« Chanson douce », de Lucie Borleteau
Thriller intriguant mettant en scène une nounou mentalement dérangée, Chanson douce surprend par son ambiguïté dans la mise en scène d’un univers familier où évolue la protagoniste principale ; univers qui contraste avec les problèmes psychiques de celle-ci, nés de sa misère..
Film tiré du roman de Leïla Slimani, Chanson douce retrace les ennuis d’un jeune couple qui a cherché une personne pour garder ses deux enfants. Après maintes recherches, ils finissent par trouver une garde à domicile du prénom de Louise. Au fil de l’intrigue, on prend conscience du malaise qui s’installe à l’insu des parents vu le comportement bizarre de cette nounou qui en vient notamment à mordre les enfants. Les parents, quant à eux, sont aveuglés : l’arrivée de Louise leur fait gagner un peu de répit et leur accorde du temps pour vivre en couple ; ce qui les rend inconscients du danger. On se reconnaît alors au travers des yeux des enfants : nous sommes spectateurs de ce que Louise leur fait subir, contrairement aux parents qui sont au travail. Nous sommes dans la peau des petits, et un malaise s’installe — une forme de frustration ; ressenti de nous savoir impuissants face à ce qu’il se passe.

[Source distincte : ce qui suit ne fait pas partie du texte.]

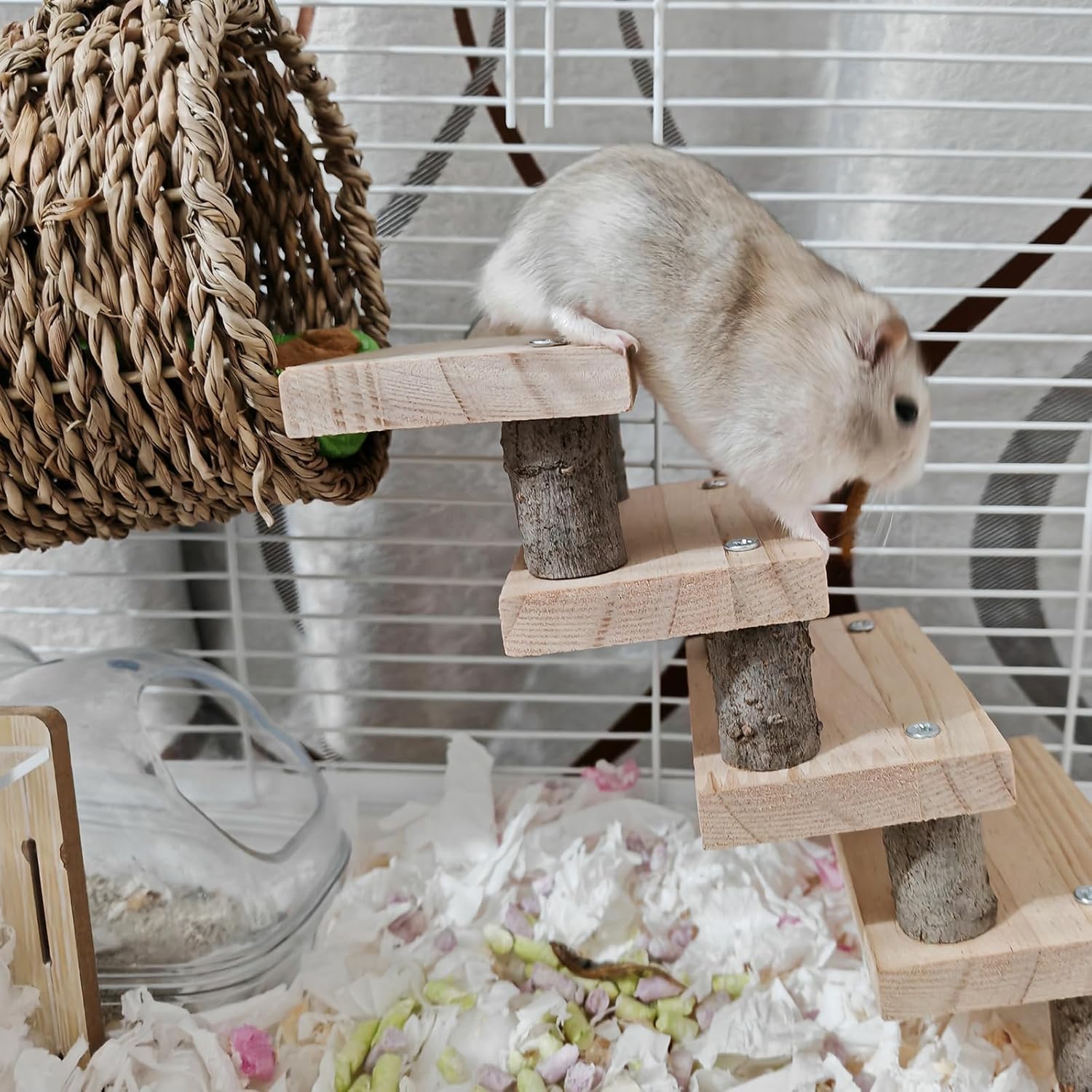 Hamiledyi Hamster Climbing Ladder Wood Stair and Hanging Hammock Set Wooden Molar Toys Cage Accessories for Syrian Hamster Gerbil Mice 4 81tsn6rhr4L. AC SL1500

Le spectateur a toujours un temps d’avance, comme l’affirme la réalisatrice : « Le film est en équilibre. Au début on est presque dans une réalité documentaire qui bascule dans le film d’horreur. » Effectivement, Chanson douce sort des codes classiques de l’horreur, puisqu’il n’y pas de « grand méchant » vraiment identifiable. C’est un individu lambda qui évolue vers la démence dans un univers familial. C’est là tout l’équilibre du film qui est maintenu de façon exceptionnelle. Au fur et à mesure, Louise sombre dans la folie et passe de femme forte à un état de personnage vulnérable, sensible, pauvre… qui la mène à venir commettre le pire. En suivant sa vie professionnelle et personnelle, on cherche une forme de compassion envers ce personnage perdu que l’on comprend.

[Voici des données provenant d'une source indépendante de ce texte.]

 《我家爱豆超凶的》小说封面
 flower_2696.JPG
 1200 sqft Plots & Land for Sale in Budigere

Karin Viard (> ici l’an dernier), dans le rôle de la nounou Louise, incarne avec brio la femme dérangée évoluant dans un milieu pauvre, où, isolée, elle n’apparaît être qu’une victime de la misère. Elle se retrouve et se console au travers des enfants qu’elle garde, comme si c’étaient les siens. La déchéance dans laquelle elle sombre est fulgurante et en synchronicité avec l’humiliation sociale dont elle est victime, issue d’un milieu pauvre venant d’accéder à l’univers d’un couple aisé. Monstrueuse de solitude, elle subit une forme d’humiliation sociale qui nous fait appréhender la construction de cette femme qui devient psychiquement déstabilisée. Chanson douce, qui met en lumière misère sociale filant vers une fin tragique, est saisissant. Une incarnation spectaculaire de la folie, révélatrice d’un fléau sociétal.
Un personnage marquant, dont la monstruosité reflète notre humanité, entre tendresse et démence. Chanson douce sort au cinéma le 27 novembre prochain.